South Otago honey is the bee's knees

Allen McCaw receives his supreme award from sponsor Kevin Powell (left), of Kiwi Labels. Photo: Supplied by Apiculture
Allen McCaw receives his supreme award from sponsor Kevin Powell (left), of Kiwi Labels. Photo: Supplied by Apiculture
Victory was sweet for Allen McCaw, of Milburn Apiaries, when his honey was judged as the nation's best.

After vying for the honey industry's top honours for the past nine years, Otago's honey doyen took out the supreme award in the ApiNZ National Honey Competition this week. The win came on the strength of the boutique apiary's high overall rating across four honey classes, with its specialty creamed clover honey rated best in class.

''We've been entering since the inception of the awards, around nine years. While we've done well, this is the first time we extended our mix to four ranges across light, medium and dark varieties. All seemed to do well with the judges,'' said Mr McCaw.

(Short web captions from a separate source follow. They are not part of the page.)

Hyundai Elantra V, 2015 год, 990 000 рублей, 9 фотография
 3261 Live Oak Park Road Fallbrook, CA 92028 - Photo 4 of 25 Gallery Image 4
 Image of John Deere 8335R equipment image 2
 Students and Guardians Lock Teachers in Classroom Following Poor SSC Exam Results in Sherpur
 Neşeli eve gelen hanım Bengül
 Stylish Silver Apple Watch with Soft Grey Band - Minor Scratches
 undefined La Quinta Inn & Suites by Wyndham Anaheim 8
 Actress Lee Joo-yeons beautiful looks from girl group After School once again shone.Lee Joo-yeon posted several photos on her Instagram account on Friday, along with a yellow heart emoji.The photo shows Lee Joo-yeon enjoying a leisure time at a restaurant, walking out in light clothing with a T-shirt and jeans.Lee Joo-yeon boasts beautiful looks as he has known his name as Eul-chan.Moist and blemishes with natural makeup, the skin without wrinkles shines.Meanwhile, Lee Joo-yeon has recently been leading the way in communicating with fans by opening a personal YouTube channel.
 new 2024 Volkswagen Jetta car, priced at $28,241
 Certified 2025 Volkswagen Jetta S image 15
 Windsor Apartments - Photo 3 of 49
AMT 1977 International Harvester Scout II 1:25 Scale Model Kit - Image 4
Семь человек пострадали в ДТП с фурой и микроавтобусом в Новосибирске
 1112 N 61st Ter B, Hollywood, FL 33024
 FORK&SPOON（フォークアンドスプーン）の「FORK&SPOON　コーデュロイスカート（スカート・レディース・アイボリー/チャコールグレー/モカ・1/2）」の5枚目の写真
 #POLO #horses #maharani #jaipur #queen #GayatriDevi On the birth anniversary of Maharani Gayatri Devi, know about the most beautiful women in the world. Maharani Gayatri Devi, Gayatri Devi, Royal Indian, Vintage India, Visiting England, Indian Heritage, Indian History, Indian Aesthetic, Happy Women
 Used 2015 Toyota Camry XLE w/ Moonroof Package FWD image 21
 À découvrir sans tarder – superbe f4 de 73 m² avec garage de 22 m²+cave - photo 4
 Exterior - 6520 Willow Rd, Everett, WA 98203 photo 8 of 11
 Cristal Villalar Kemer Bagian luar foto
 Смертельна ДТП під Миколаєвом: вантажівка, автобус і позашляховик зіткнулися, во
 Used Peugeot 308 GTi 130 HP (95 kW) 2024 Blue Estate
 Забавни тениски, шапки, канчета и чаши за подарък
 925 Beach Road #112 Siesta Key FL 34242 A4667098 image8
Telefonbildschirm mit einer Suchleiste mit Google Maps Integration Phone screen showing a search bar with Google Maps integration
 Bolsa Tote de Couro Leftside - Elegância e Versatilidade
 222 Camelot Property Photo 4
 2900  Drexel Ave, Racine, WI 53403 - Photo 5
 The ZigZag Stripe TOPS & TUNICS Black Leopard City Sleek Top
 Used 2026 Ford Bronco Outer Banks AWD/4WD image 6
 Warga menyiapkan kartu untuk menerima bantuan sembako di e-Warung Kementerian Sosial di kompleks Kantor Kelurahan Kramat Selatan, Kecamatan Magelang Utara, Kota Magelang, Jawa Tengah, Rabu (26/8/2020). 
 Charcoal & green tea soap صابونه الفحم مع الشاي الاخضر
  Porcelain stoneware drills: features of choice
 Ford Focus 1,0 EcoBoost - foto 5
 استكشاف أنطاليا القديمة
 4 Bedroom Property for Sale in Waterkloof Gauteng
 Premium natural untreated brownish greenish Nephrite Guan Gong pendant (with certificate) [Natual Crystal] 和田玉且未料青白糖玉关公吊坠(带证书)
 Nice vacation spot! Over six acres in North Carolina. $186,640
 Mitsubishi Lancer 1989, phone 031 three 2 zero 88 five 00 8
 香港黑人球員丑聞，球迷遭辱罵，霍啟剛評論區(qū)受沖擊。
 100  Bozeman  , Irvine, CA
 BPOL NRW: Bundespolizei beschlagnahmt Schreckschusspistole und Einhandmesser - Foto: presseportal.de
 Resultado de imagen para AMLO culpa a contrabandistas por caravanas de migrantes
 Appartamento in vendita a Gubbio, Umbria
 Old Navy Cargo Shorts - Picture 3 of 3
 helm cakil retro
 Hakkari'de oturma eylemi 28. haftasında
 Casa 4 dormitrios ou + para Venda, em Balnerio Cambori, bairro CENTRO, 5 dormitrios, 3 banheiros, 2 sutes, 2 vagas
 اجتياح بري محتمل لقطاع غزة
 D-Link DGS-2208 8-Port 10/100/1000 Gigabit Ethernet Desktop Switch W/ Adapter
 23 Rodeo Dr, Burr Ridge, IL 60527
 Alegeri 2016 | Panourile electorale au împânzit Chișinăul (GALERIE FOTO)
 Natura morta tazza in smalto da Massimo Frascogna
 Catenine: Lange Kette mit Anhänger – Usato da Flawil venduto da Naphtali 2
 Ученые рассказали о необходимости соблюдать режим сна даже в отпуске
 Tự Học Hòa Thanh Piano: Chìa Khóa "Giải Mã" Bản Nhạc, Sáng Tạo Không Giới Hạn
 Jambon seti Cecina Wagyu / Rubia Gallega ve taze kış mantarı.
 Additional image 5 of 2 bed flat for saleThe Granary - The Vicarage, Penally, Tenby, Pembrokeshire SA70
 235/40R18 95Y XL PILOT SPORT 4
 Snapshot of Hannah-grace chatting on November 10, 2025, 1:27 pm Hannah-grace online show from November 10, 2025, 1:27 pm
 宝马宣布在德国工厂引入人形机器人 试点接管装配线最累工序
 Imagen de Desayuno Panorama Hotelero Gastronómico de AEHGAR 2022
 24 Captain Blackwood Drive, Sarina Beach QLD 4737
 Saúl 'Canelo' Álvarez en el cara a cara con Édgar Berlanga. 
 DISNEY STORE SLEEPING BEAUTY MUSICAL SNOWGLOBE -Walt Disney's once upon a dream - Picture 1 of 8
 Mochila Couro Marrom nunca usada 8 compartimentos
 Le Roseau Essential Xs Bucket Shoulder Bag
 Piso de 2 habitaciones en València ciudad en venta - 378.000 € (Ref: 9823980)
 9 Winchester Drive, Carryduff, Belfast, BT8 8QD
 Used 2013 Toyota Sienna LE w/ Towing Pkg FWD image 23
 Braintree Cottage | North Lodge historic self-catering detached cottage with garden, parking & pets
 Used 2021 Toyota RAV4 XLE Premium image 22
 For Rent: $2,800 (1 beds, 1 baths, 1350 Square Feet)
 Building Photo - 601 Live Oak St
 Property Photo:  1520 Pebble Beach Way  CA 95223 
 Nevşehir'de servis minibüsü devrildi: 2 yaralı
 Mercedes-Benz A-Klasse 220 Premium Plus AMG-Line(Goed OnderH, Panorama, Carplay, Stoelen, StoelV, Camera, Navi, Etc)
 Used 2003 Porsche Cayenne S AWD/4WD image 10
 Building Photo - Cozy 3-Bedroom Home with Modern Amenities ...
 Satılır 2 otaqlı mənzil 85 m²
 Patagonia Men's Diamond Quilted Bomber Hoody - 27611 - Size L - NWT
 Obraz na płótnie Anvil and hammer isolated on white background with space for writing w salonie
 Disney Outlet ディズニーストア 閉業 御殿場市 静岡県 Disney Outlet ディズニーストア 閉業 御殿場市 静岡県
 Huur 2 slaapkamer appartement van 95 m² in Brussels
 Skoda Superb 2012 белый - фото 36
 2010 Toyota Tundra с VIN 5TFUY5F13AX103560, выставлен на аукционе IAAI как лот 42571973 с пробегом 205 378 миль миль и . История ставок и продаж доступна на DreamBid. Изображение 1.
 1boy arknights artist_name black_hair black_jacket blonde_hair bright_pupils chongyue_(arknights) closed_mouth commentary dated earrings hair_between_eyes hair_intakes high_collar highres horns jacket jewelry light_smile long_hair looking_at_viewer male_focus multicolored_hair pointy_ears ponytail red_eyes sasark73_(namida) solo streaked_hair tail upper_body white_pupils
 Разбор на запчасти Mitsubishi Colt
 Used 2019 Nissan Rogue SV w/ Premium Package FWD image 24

In the end, Milburn scooped two golds, a silver and a bronze. Three scores counted towards the overall title.

Judges Maureen Conquer, Alessandro Tarentini and Claudine McCormick had the enviable task of tasting and rigorously examining all the entries.

''The quality and quantity of the entries is improving every year, which makes it an absolute pleasure to judge. New Zealand produces some of the finest honeys in the world and we have unique regional varieties that need to be celebrated,'' Ms Conquer said.

Other class winners included Taylor Pass Honey Co, of Blenheim, for the liquid or clear honey class and Kaimai Range Honey, of Tauranga, in the naturally granulated honey class.

Mr McCaw, who considers himself semi-retired, produces about three tonnes of honey annually, from around 200 hives. He attributes the quality of the region's honey to the fact that Otago is still an excellent source of good-quality clover.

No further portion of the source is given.